I did write a long post, but I decided against it. Basically, this is why I can't argue with you:

Perhaps Jews chose to live in the middle-east because in the middle-east the main enemy is very weak compared to Germans or Americans?

I'm just not as pessimistic as you about the future. I don't think there'll be another Holocaust for Jews. You do. It's a major difference, and I suspect it's why we'll never be able to agree about Israel and the nature of the Middle East.

You see warrior Israel as a saviour, and I just see another squabbling state who refuses to compromise, one of dozens in the region.

From these starting points, I suspect we'll just end up going round in circles like we always have, so let's not.

on Aug 14, 2009

I'm just not as pessimistic as you about the future. I don't think there'll be another Holocaust for Jews. You do. It's a major difference, and I suspect it's why we'll never be able to agree about Israel and the nature of the Middle East.

What exactly makes you believe that there cannot (or won't) be another Shoah? Is it the thousands of people screaming "Jews into the gas" or "Death to the Jews"? Is it the large number of countries that want to erase Israel from the map (after expelling or killing their own Jewish populations)?

I am a realist. That's all.

Historically, when people screamed "Death to the Jews", that is what followed. I have no reason to assume that this suddenly changed, especially when I see that people are currently trying to kill Jews and destroy Israel.

 

You see warrior Israel as a saviour, and I just see another squabbling state who refuses to compromise, one of dozens in the region.

When exactly did Israel do anything at all that would legitimise the statement that it "refuses to compromise"???

 

From these starting points, I suspect we'll just end up going round in circles like we always have, so let's not.

I don't care as long as I and my people survive.

If it were up to me, Israel would finally refuse to compromise.

But you, my friend, have a tendency to see evil where there is none.

I see evil among people who dress in dark black, wear masks, and chant songs that wish for my death.

You see evil among ordinary people just because they are Israelis.
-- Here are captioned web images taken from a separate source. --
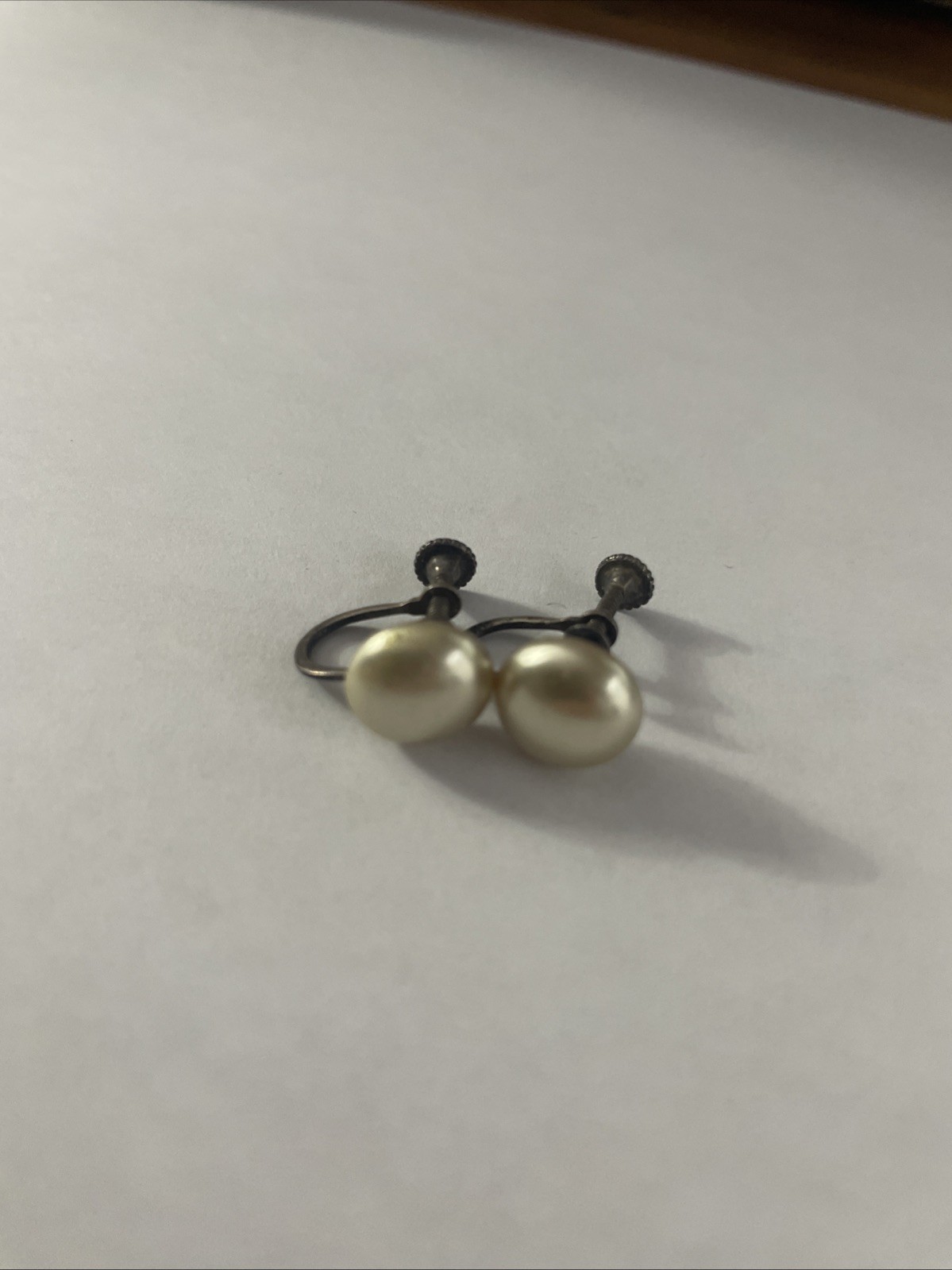 Sterling Silver Screw On Earrings with Single Faux Pearl/vintage
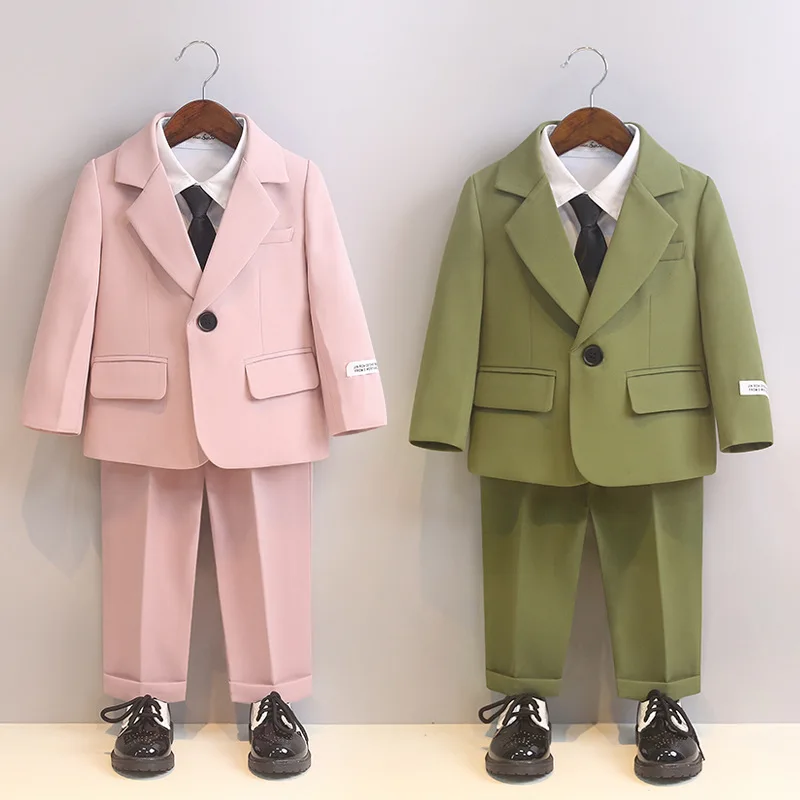 

Childrens Suits Autumn New Boys Casual Blazer Trousers 2 Piece Kids Clothes Set School Teen Host Costumes Infant Wedding Outfits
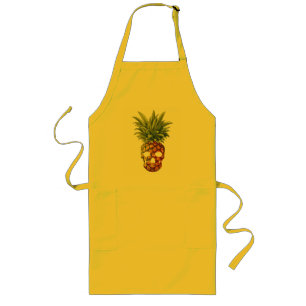 Delantal Largo Piña Divertida Fruta Calavera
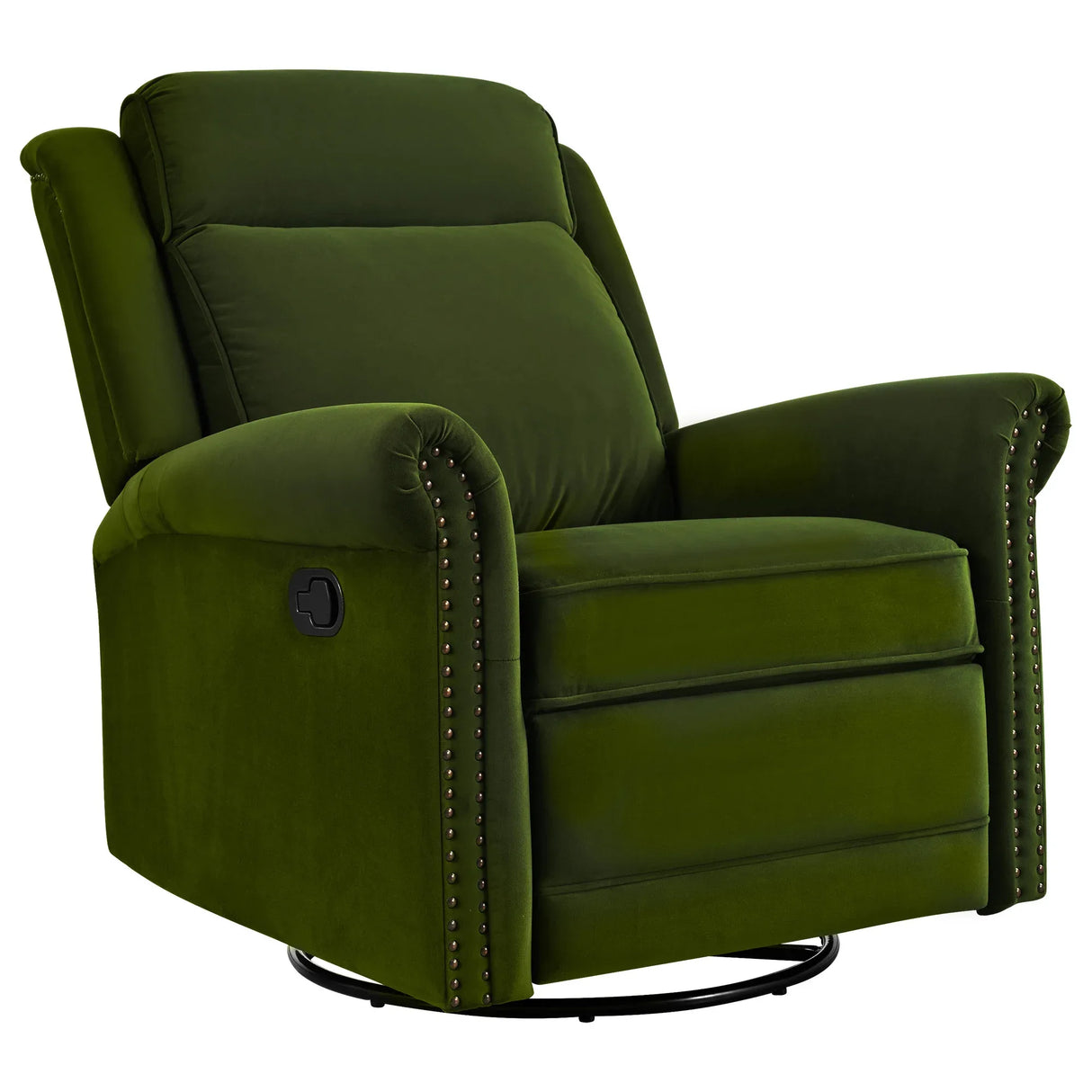 Modern Velvet Adjustable Backrest Swivel Recliner Chair - Omega Lifestyles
And at the same time you wonder why I could possibly be pessimistic about the prospects of Jewish survival without Israel to protect them.

If you had read Nizo's text and not immediately thought that he was talking about hatred among Jews, I wouldn't be as worried. But the undercurrent is clear: you and other automatically add an assumption that Jews are a bit more evil than other people.

And that's the problem. It has always been the problem.

Israel is and has been a saviour. That's why Sudanese refugees flee to Israel. It's not a fantasy, it's the brutal reality.

Can you tell me where exactly in the middle-east non-Arab peoples have lived peaceful lives or at the very least survived without losing tens of thousands to Arab attacks in the last hundred years?

If you, like me, find that ONLY the Jews had such luck, you will understand what Israel means to me.

I'll give you a hint: Morocco is the only place in the middle-east where non-Arab peoples have lived in peace. But they are not allowed to teach their own language in schools, form political parties, or decide whom they want to befriend and whom they don't. Everywhere else it's worse, except in Israel where the non-Arab people fought back and won.

Ask a Christian and/or black Sudanese what they think about Israel. Ask a Kurd. Ask yourself why Lebanese Christians allied with Israel. Ask the separatists in Somalia why they want an alliance with Israel. For the oppressed Israel is a symbol of freedom. And for the wealthy and powerful Israel is a symbol of evil uncompromising imperialism.

And I'd rather be supporting a country that is hated by the powerful and adored by the oppressed than vice versa.